Weyward(45)



The courtroom grew loud, the whispers from the gallery like the drone of a hundred insects.

The prosecutor was finished with Reverend Goode. He climbed down from the stand slowly, and I saw his age in his faltering movements. The intimidating figure I remembered from childhood was diminished. Soon he too would start his journey from this world to the next. I wondered what he would find there.

I was taken back to the dungeons. Night had already fallen for me.





23


VIOLET


Frederick didn’t come down for breakfast the next morning.

Violet was beginning to feel quite worried about him, until he emerged at luncheon, looking pale and green. He barely touched his food, taking only a delicate bite of Mrs Kirkby’s leftover rabbit pie before crossing his knife and fork on his plate.

‘They finished off that whole bottle of port last night,’ Graham whispered to her, as they filed out of the dining room. A rough note in Graham’s voice told Violet he was jealous. ‘Actually, I think he had more of it than Father did.’

‘Don’t be so quick to judge,’ Violet hissed. ‘He’s fighting a war. I imagine it’s been utterly exhausting. I should think he’s earned a glass or two of port.’

They hung back and watched Father and Frederick go on ahead. Father had his hand resting on Frederick’s shoulder (‘Good thing too, or he’d fall over,’ said Graham) and was pointing out various items of furniture in the entrance hall, as if he were some sort of sales merchant.

‘That’, said Father, motioning to a rather hulking side table, ‘is an original Jacobean. ‘Worth at least a thousand pounds. It was commissioned by our ancestor, the Third Viscount, in 1619. James I was on the throne then – though you knew that already, I expect, with your interest in history.’ Father beamed, and Graham rolled his eyes.

‘Strange fellow, King James,’ said Frederick. ‘Rather fancied himself a bit of a witch-hunter. He wrote a book about it, did you know?’

Father’s face darkened, and he moved away from Frederick before continuing the tour as if he hadn’t heard.

‘This clock’, he said, gesturing to an ornate gold carriage clock carved with cherubs, ‘was my mother’s, given to her by her aunt, the Duchess of Kent, for her twenty-first birthday …’

‘Never told me any of that,’ Graham muttered. ‘Anyone would think he was the son and heir.’

Later, as they played bowls on the lawn outside, Violet thought that Frederick must have forgotten his suggestion that they take a walk that evening. He had barely looked at her all day. Perhaps he had forgotten about the kiss, too. Or perhaps – worse – he regretted it. Maybe it hadn’t been a very good kiss; maybe she’d done it wrong.

She was doing a terrible job of the lawn bowls. It was very warm, and her hairline was damp with sweat. Though she wasn’t the only one – dark stains had appeared on Father’s shirt, and Graham’s face had flushed to match his hair. Even Cecil was subdued: curled up beneath the rhododendrons, pink tongue lolling from his mouth. He looked almost sweet.

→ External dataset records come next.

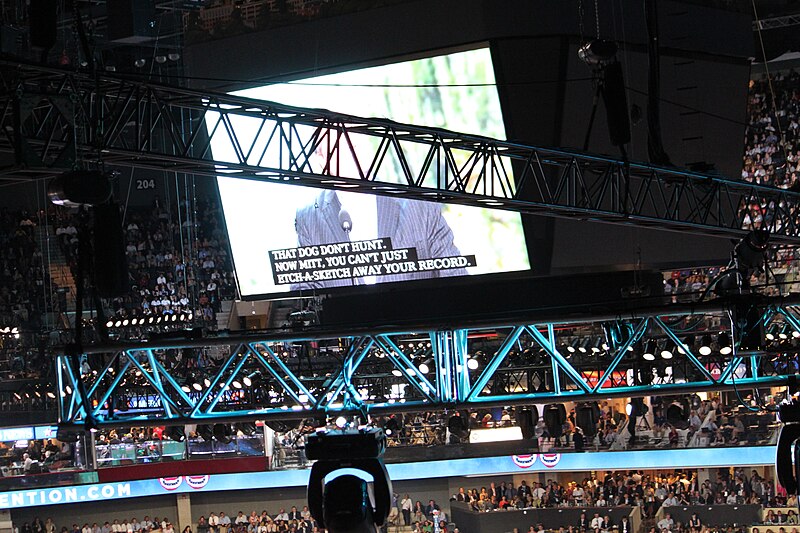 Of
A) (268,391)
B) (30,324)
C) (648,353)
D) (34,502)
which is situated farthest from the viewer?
(30,324)

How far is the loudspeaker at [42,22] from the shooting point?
25.9 ft

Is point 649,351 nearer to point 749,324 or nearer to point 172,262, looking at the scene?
point 749,324

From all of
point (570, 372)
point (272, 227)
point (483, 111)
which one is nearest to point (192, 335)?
point (570, 372)

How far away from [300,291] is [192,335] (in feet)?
32.3

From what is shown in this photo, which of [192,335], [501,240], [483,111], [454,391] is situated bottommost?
[454,391]

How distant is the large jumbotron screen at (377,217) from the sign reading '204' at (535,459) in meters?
4.66

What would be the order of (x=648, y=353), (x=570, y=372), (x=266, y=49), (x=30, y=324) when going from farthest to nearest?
(x=30, y=324), (x=266, y=49), (x=648, y=353), (x=570, y=372)

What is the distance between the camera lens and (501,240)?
18.8 metres

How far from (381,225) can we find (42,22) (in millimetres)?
11835

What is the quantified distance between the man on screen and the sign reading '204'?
4.71 metres

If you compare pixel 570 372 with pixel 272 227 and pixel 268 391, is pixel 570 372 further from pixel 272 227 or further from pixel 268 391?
pixel 272 227

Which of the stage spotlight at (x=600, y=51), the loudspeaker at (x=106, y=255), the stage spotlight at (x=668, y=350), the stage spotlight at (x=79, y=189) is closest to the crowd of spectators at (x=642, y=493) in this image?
the stage spotlight at (x=668, y=350)

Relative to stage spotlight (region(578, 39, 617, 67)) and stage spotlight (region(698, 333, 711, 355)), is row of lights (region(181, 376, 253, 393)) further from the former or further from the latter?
stage spotlight (region(578, 39, 617, 67))

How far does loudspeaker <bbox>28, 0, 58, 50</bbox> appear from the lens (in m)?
7.88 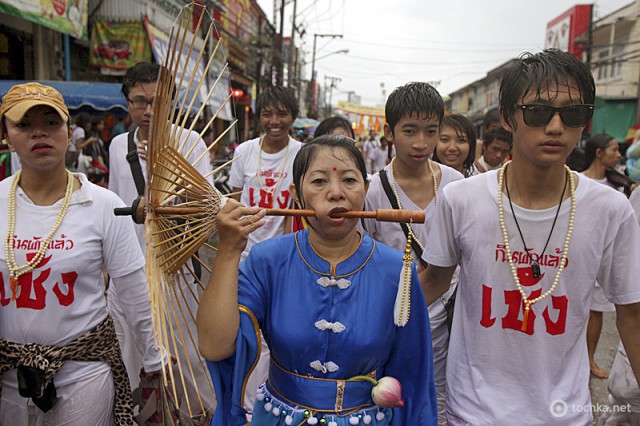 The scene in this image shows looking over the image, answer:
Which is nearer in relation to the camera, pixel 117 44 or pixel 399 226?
pixel 399 226

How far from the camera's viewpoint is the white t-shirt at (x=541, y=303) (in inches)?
71.7

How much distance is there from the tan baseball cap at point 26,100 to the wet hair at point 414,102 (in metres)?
1.72

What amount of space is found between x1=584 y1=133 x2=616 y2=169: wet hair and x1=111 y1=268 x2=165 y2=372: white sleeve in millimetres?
4361

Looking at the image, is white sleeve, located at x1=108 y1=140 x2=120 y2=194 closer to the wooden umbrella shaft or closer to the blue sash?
the wooden umbrella shaft

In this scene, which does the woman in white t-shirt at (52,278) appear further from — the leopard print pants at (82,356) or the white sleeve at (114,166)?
the white sleeve at (114,166)

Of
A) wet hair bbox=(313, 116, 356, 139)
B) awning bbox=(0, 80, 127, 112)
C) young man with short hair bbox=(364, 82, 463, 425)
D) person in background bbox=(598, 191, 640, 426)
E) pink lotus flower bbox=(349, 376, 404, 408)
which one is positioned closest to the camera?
pink lotus flower bbox=(349, 376, 404, 408)

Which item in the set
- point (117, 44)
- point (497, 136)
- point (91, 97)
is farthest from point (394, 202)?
point (117, 44)

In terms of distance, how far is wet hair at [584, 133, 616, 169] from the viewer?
491 cm

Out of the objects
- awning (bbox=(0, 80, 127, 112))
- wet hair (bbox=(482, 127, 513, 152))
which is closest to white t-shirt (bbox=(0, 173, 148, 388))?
wet hair (bbox=(482, 127, 513, 152))

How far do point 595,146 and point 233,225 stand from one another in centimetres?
453

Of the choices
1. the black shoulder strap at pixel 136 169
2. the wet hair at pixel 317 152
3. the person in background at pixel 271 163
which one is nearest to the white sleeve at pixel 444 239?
the wet hair at pixel 317 152

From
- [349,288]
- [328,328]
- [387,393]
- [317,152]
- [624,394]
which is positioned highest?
[317,152]

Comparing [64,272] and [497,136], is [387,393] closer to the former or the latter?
[64,272]

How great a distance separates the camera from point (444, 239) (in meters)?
2.04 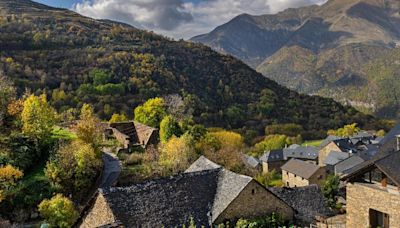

Only Frederick seemed unbothered by the heat – she supposed he had got used to it, in Libya – and had perked up considerably since luncheon. He rolled his ball so that it hit the jack with a plink and grinned, white teeth flashing in his tanned face. She would have thought he looked perfectly at ease, if she hadn’t noticed that his hand kept straying to the pocket of his trousers and patting something hidden there, as if it were a talisman.

‘I’m going to go and ask Mrs Kirkby for some lemonade,’ she said.

‘Rather you than me,’ said Graham, watching his ball veer away from the jack and into a rose bush. Graham was afraid of all the servants, but especially Mrs Kirkby, who had recently caught him divesting a roast chicken of its legs. She had ardently vowed to box his ears if he ever set foot inside her kitchen again.

‘I’ll come with you,’ said Frederick. ‘You might need help carrying the glasses.’

Violet’s stomach lurched.

‘Thank you,’ she said, barely pausing to wait for him as she made her way to the house. Conscious of his eyes on her, Violet moved stiffly, as if she had forgotten the correct way of walking.

He caught up with her as they entered the cool of the house. She thought how quiet it was, in the entrance hall. Although the doors had been flung open to let in the summer air, she couldn’t even hear the bees buzzing outside. Frederick took a step closer to her. Blood rushed in her ears.

‘I’m looking forward to our walk later,’ he said softly.

So he had remembered. Her pulse flared as he moved closer. Why was there this awful thrumming sensation in her veins? Sweat prickled in her armpits. She was merely excited at the prospect of asking him more questions about her mother, she told herself. That was why her heart was thudding. Suddenly, she worried that he would kiss her again. Did she – should she – want him to?

There was the sound of a door opening and closing and Frederick sprang back. They looked up to see Miss Poole at the top of the stairs, carrying a stack of French textbooks that Violet supposed she would have the joy of wading through at some point in the future.

‘Good afternoon,’ said Miss Poole, curtseying as though Frederick were King George rather than her employer’s nephew.